What you will do:
Please print, exactly, only the lines in the entries below from the line that has "My name is Katie, or" through the line that has "The rugged patented". Pictures don't go in.

Data records:
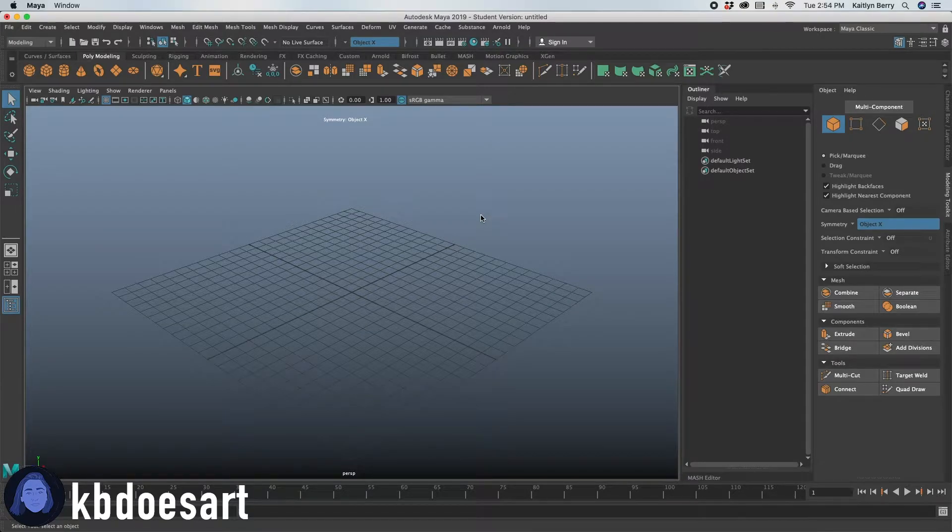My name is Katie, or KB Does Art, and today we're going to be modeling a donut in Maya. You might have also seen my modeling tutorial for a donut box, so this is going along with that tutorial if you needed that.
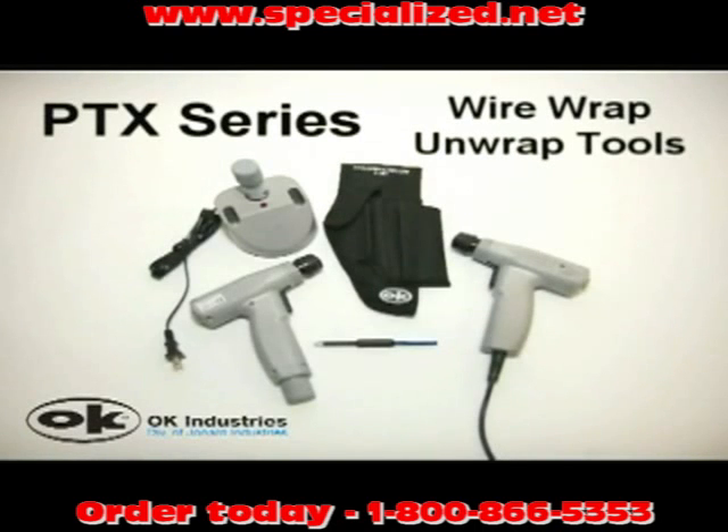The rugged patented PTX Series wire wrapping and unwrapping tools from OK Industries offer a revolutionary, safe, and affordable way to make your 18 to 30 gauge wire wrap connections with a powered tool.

--

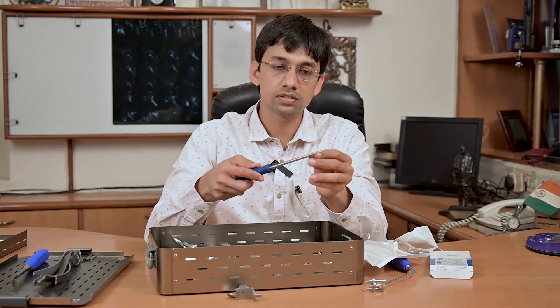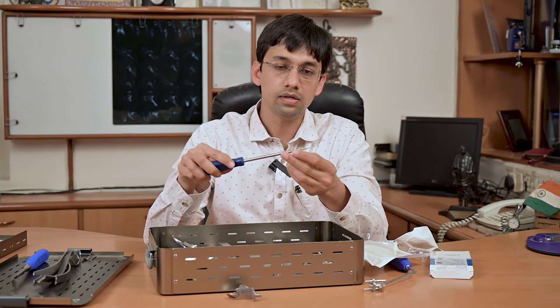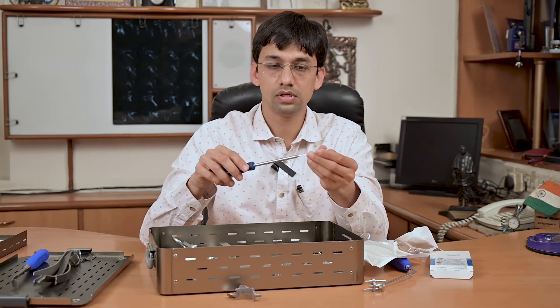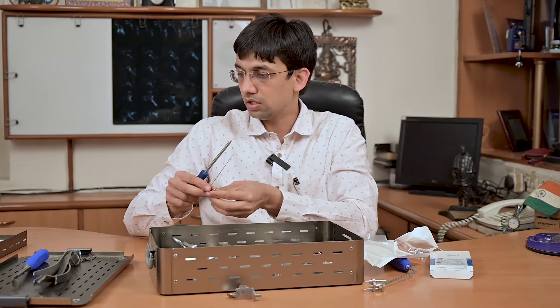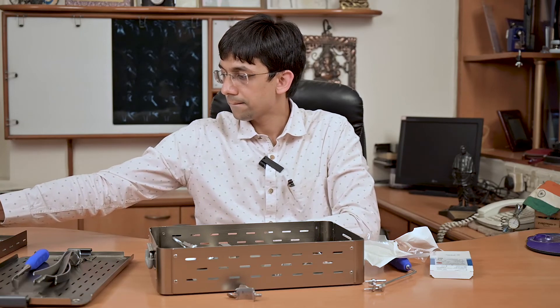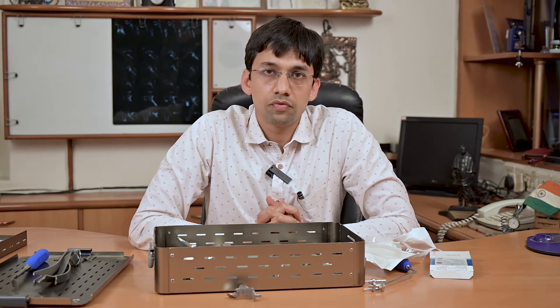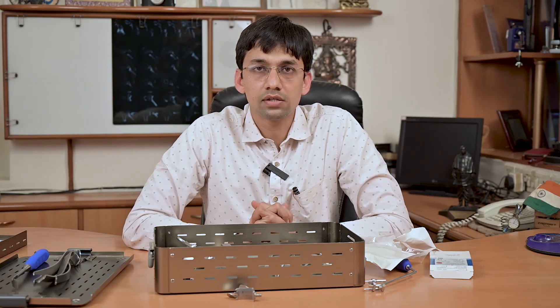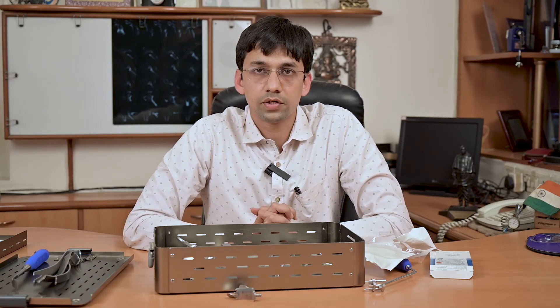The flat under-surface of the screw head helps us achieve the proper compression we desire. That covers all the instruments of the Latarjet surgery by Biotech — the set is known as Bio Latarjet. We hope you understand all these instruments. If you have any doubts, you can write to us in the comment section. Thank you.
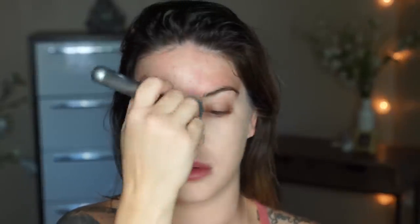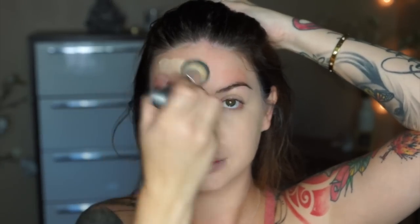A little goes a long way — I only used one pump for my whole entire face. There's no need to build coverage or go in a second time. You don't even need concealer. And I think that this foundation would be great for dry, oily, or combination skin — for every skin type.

Response to this task:
My name is Katie, or KB Does Art, and today we're going to be modeling a donut in Maya. You might have also seen my modeling tutorial for a donut box, so this is going along with that tutorial if you needed that.
The rugged patented PTX Series wire wrapping and unwrapping tools from OK Industries offer a revolutionary, safe, and affordable way to make your 18 to 30 gauge wire wrap connections with a powered tool.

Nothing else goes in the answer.